Laser Scanner from NVision Reduces Cost to Produce Flight Simulator Ejection Seats
Fain Models uses NVision's HandHeld Laser Scanner to produce accurate copies of jet fighter ejection seats for use in the flight simulation and training markets for significantly less than the cost of the flight worthy seat. Fain technicians use the NVision scanner to capture the 3D geometry of the more than 100 components in the seat and then use the geometry to machine the seats or models used to make molds. "The NVision HandHeld Scanner is ideal for this application because it can freely move around an object to capture data at any angle at a very high resolution," said Cris Runge, Scanning and Reverse Engineering Manager for Fain Models.

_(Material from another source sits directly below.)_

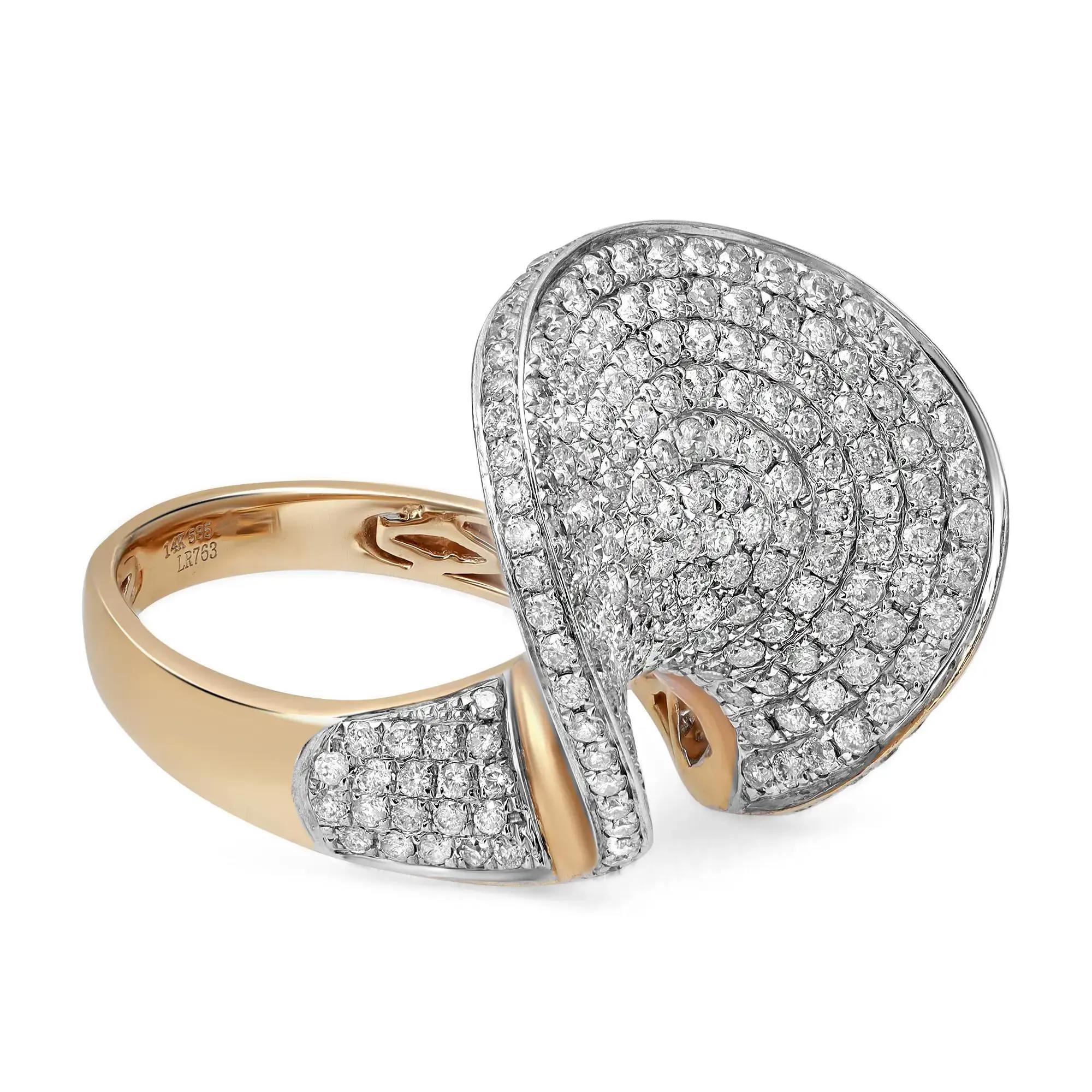 Modern 2.35Ctw Pave Set Round Cut Diamond Ladies Cocktail Ring 14K Yellow Gold For Sale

Because of the high cost and risks involved in training in actual aircraft, the military is moving as much training as possible to simulators that realistically duplicate the flying experience. The companies that make flight simulators need high fidelity ejection seats that look, feel, and function just like the original seats but do not require the ejection hardware and other internal components. It typically costs $150,000 to $300,000 to buy real fighter aircraft seats from the original equipment manufacturers in small quantities.

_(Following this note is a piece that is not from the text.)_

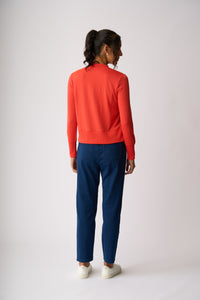 ESSENTIAL RIB TRIM CARDIGAN Orange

Fain Models, Bedford, Texas, has developed a method to produce the seats for a much lower cost of only $15,000 to $75,000 per seat, or 1/10 to1/4 of the cost of the actual seat. The company disassembles a real seat and places the components on a granite base. The technician then moves the NVision HandHeld Scanner around the seat to capture its complete geometry. A key advantage of the NVision HandHeld Scanner is that it is mounted on a mechanical arm so it can move freely around any size part. The mechanical arm keeps track of the scanner's location so all data is collected within the same coordinate system.
The NVision scanner generates a point cloud consisting of the coordinates of individual points. Fain technicians use software that comes with the scanner to convert the point cloud to a polygon mesh. Then they use reverse engineering software to convert the polygon data to a surface model. They export the surface model in the IGES or STEP format and import it into their CAD software. The model is then fine-tuned and toolpaths are created for machining. Most of the seat is machined directly from aluminum. Plastic parts the pilot directly interfaces with are produced from vacuum tools, created from scanned data as well.
"Our method enables us to manufacture a complete seat months faster, when compared to traditional methods, depending on the level of fidelity required," Runge said. "This makes it possible for us to offer large savings to companies that build simulators. A key to our method's success is that the NVision HandHeld Scanner is able to quickly reverse engineer complicated parts at a high level of accuracy."